WHAT YOU HAVE TO DO> Return all of the entries exactly as written.

----

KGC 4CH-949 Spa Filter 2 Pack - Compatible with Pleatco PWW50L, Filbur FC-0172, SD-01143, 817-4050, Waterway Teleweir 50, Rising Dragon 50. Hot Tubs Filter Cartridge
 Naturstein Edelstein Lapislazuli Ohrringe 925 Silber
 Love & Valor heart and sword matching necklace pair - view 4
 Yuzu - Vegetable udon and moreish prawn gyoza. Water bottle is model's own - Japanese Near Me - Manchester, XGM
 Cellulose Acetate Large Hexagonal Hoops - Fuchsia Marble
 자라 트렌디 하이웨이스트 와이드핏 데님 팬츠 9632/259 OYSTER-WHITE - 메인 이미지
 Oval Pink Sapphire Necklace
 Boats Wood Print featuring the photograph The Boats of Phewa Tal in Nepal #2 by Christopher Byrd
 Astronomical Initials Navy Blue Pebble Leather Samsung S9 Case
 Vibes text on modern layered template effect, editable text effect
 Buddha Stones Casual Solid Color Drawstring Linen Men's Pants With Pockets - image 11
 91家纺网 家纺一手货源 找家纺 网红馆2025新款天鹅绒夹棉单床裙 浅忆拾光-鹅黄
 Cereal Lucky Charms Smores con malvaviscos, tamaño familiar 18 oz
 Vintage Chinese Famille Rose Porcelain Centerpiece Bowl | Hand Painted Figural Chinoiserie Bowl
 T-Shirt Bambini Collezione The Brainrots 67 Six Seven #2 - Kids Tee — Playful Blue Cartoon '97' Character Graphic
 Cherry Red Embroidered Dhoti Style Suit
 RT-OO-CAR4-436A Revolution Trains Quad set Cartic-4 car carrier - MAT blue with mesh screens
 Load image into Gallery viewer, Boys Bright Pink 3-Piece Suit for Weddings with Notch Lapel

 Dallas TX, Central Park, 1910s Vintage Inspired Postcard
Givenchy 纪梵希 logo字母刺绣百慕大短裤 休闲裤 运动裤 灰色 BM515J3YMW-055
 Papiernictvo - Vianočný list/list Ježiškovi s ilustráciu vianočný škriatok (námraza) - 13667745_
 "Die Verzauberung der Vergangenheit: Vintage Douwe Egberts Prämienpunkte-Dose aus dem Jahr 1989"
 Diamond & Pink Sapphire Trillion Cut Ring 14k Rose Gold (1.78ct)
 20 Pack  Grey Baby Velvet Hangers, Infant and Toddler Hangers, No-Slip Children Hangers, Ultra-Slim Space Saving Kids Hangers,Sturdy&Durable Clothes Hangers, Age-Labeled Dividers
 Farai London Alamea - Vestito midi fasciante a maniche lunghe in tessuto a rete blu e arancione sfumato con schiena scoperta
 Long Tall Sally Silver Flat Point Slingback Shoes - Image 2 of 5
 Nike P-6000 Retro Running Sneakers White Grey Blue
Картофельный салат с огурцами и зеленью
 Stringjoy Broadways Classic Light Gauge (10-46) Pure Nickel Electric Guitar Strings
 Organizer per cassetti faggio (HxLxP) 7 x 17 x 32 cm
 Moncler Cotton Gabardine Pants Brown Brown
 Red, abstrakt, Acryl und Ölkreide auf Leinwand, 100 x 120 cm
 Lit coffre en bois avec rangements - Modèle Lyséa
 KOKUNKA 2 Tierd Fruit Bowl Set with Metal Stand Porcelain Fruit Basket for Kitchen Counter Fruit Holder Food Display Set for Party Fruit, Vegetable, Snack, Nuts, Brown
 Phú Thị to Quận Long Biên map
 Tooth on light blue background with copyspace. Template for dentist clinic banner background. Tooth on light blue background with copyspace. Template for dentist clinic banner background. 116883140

----

PROBLEM SOLUTION>
KGC 4CH-949 Spa Filter 2 Pack - Compatible with Pleatco PWW50L, Filbur FC-0172, SD-01143, 817-4050, Waterway Teleweir 50, Rising Dragon 50. Hot Tubs Filter Cartridge
 Naturstein Edelstein Lapislazuli Ohrringe 925 Silber
 Love & Valor heart and sword matching necklace pair - view 4
 Yuzu - Vegetable udon and moreish prawn gyoza. Water bottle is model's own - Japanese Near Me - Manchester, XGM
 Cellulose Acetate Large Hexagonal Hoops - Fuchsia Marble
 자라 트렌디 하이웨이스트 와이드핏 데님 팬츠 9632/259 OYSTER-WHITE - 메인 이미지
 Oval Pink Sapphire Necklace
 Boats Wood Print featuring the photograph The Boats of Phewa Tal in Nepal #2 by Christopher Byrd
 Astronomical Initials Navy Blue Pebble Leather Samsung S9 Case
 Vibes text on modern layered template effect, editable text effect
 Buddha Stones Casual Solid Color Drawstring Linen Men's Pants With Pockets - image 11
 91家纺网 家纺一手货源 找家纺 网红馆2025新款天鹅绒夹棉单床裙 浅忆拾光-鹅黄
 Cereal Lucky Charms Smores con malvaviscos, tamaño familiar 18 oz
 Vintage Chinese Famille Rose Porcelain Centerpiece Bowl | Hand Painted Figural Chinoiserie Bowl
 T-Shirt Bambini Collezione The Brainrots 67 Six Seven #2 - Kids Tee — Playful Blue Cartoon '97' Character Graphic
 Cherry Red Embroidered Dhoti Style Suit
 RT-OO-CAR4-436A Revolution Trains Quad set Cartic-4 car carrier - MAT blue with mesh screens
 Load image into Gallery viewer, Boys Bright Pink 3-Piece Suit for Weddings with Notch Lapel

 Dallas TX, Central Park, 1910s Vintage Inspired Postcard
Givenchy 纪梵希 logo字母刺绣百慕大短裤 休闲裤 运动裤 灰色 BM515J3YMW-055
 Papiernictvo - Vianočný list/list Ježiškovi s ilustráciu vianočný škriatok (námraza) - 13667745_
 "Die Verzauberung der Vergangenheit: Vintage Douwe Egberts Prämienpunkte-Dose aus dem Jahr 1989"
 Diamond & Pink Sapphire Trillion Cut Ring 14k Rose Gold (1.78ct)
 20 Pack  Grey Baby Velvet Hangers, Infant and Toddler Hangers, No-Slip Children Hangers, Ultra-Slim Space Saving Kids Hangers,Sturdy&Durable Clothes Hangers, Age-Labeled Dividers
 Farai London Alamea - Vestito midi fasciante a maniche lunghe in tessuto a rete blu e arancione sfumato con schiena scoperta
 Long Tall Sally Silver Flat Point Slingback Shoes - Image 2 of 5
 Nike P-6000 Retro Running Sneakers White Grey Blue
Картофельный салат с огурцами и зеленью
 Stringjoy Broadways Classic Light Gauge (10-46) Pure Nickel Electric Guitar Strings
 Organizer per cassetti faggio (HxLxP) 7 x 17 x 32 cm
 Moncler Cotton Gabardine Pants Brown Brown
 Red, abstrakt, Acryl und Ölkreide auf Leinwand, 100 x 120 cm
 Lit coffre en bois avec rangements - Modèle Lyséa
 KOKUNKA 2 Tierd Fruit Bowl Set with Metal Stand Porcelain Fruit Basket for Kitchen Counter Fruit Holder Food Display Set for Party Fruit, Vegetable, Snack, Nuts, Brown
 Phú Thị to Quận Long Biên map
 Tooth on light blue background with copyspace. Template for dentist clinic banner background. Tooth on light blue background with copyspace. Template for dentist clinic banner background. 116883140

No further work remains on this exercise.